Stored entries
━━━━

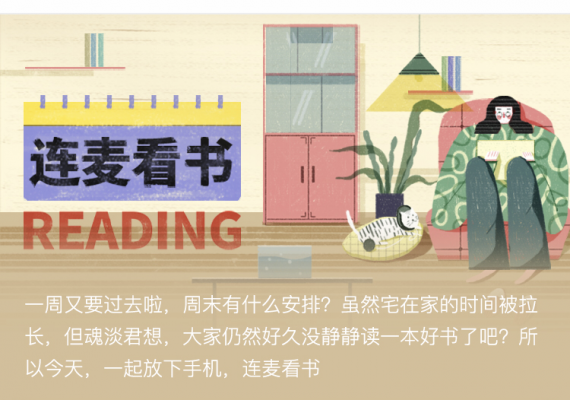 Soul星人愛學習 連麥看書成95后社交新方式！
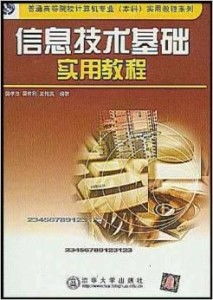 信息技术基础实用教程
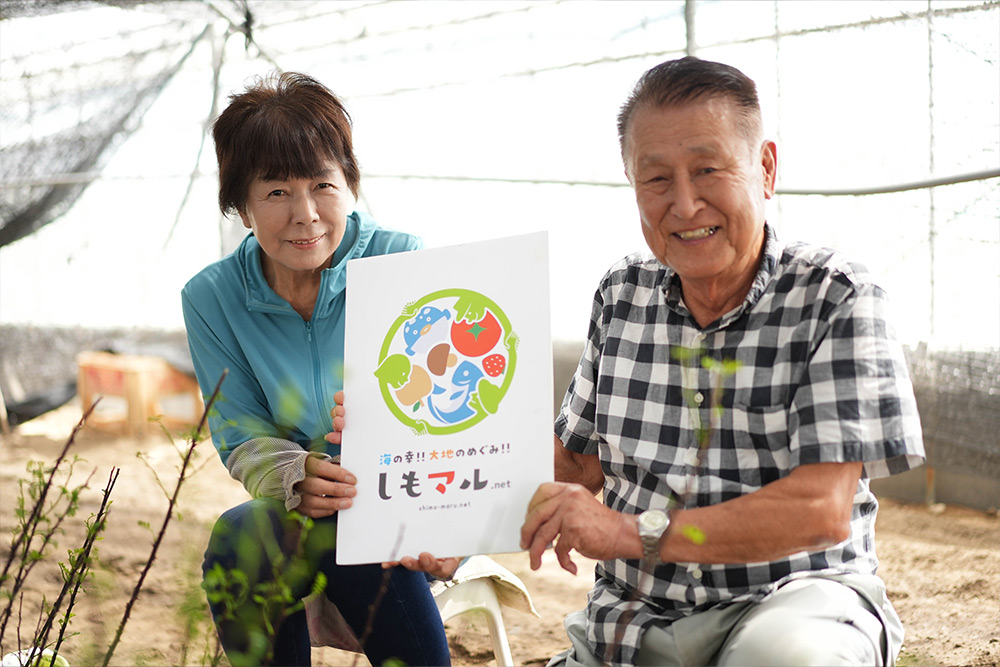 【安岡木の芽部会】　日田呈（すすむ）さん　日田幸代さん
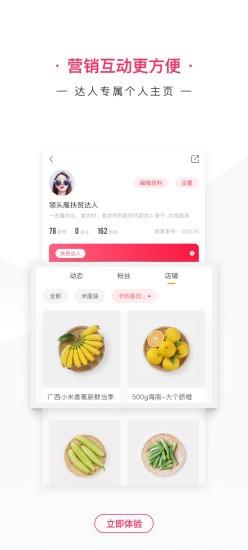 网家家商家版截图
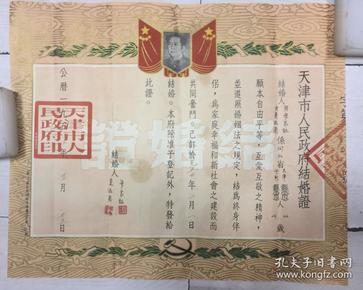 天津市人民政府结婚证【1953年；带毛像】见描述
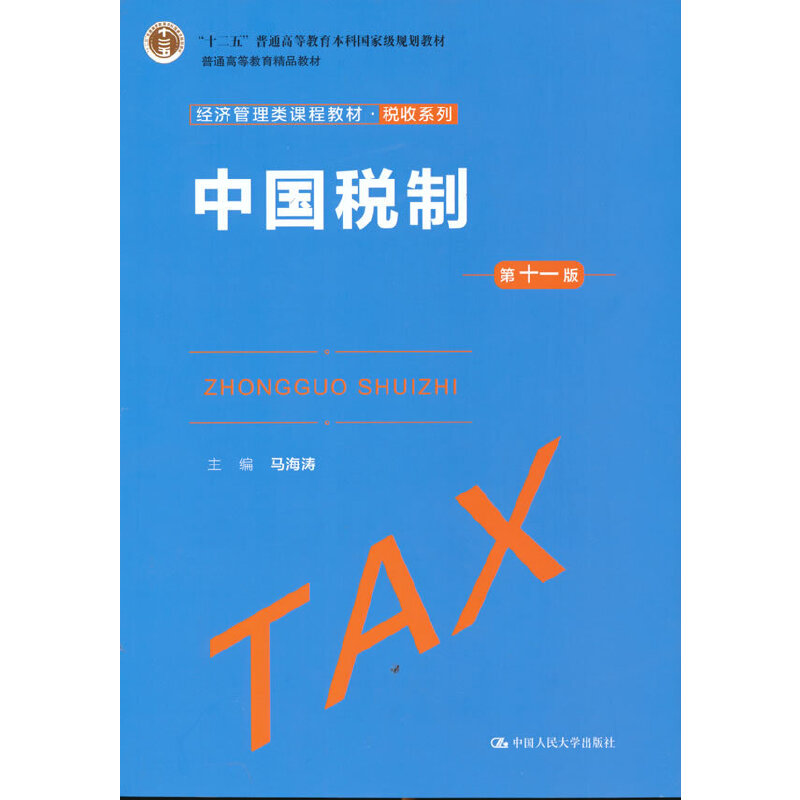 中国税制（第十一版）（经济管理类课程教材·税收系列）.马海涛  著9787300292953中国人民大学出版社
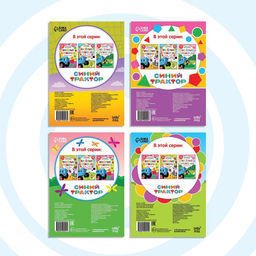 Набор книг с наклейками Весёлые кружочки, 4 шт. по 16 стр., А5, Синий трактор  фото 5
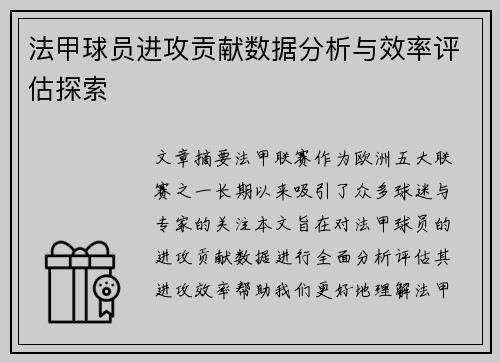 法甲球员进攻贡献数据分析与效率评估探索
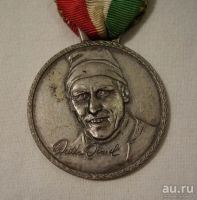 Лот: 11192702. Фото: 2. Медаль 1973г. (G064). Антиквариат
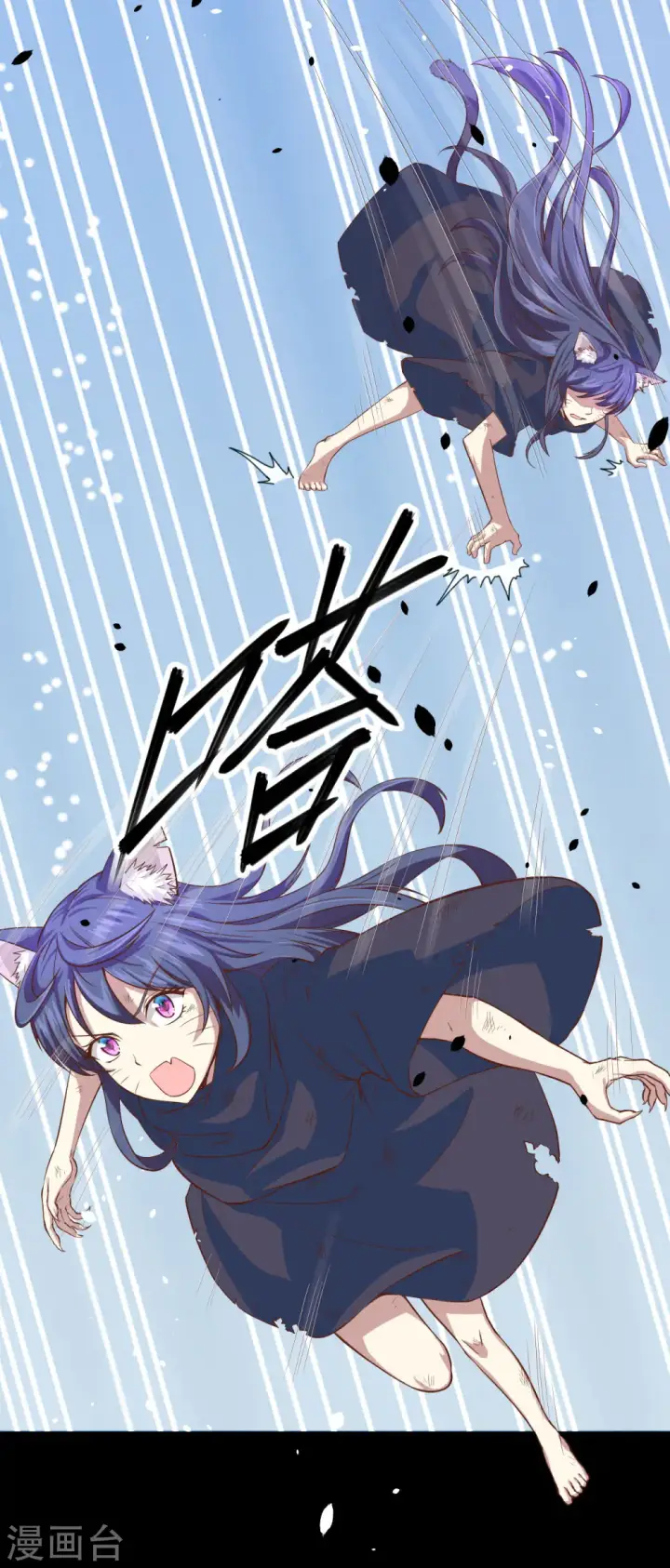 《从今天开始当城主》第3话图42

━━━━

- _Directions for this task_:
Your task is to return every entry exactly as it was written, with the pictures removed.

- _Answer box_:
 Soul星人愛學習 連麥看書成95后社交新方式！
 信息技术基础实用教程
 【安岡木の芽部会】　日田呈（すすむ）さん　日田幸代さん
 网家家商家版截图
 天津市人民政府结婚证【1953年；带毛像】见描述
 中国税制（第十一版）（经济管理类课程教材·税收系列）.马海涛  著9787300292953中国人民大学出版社
 Набор книг с наклейками Весёлые кружочки, 4 шт. по 16 стр., А5, Синий трактор  фото 5
 法甲球员进攻贡献数据分析与效率评估探索
 Лот: 11192702. Фото: 2. Медаль 1973г. (G064). Антиквариат
 《从今天开始当城主》第3话图42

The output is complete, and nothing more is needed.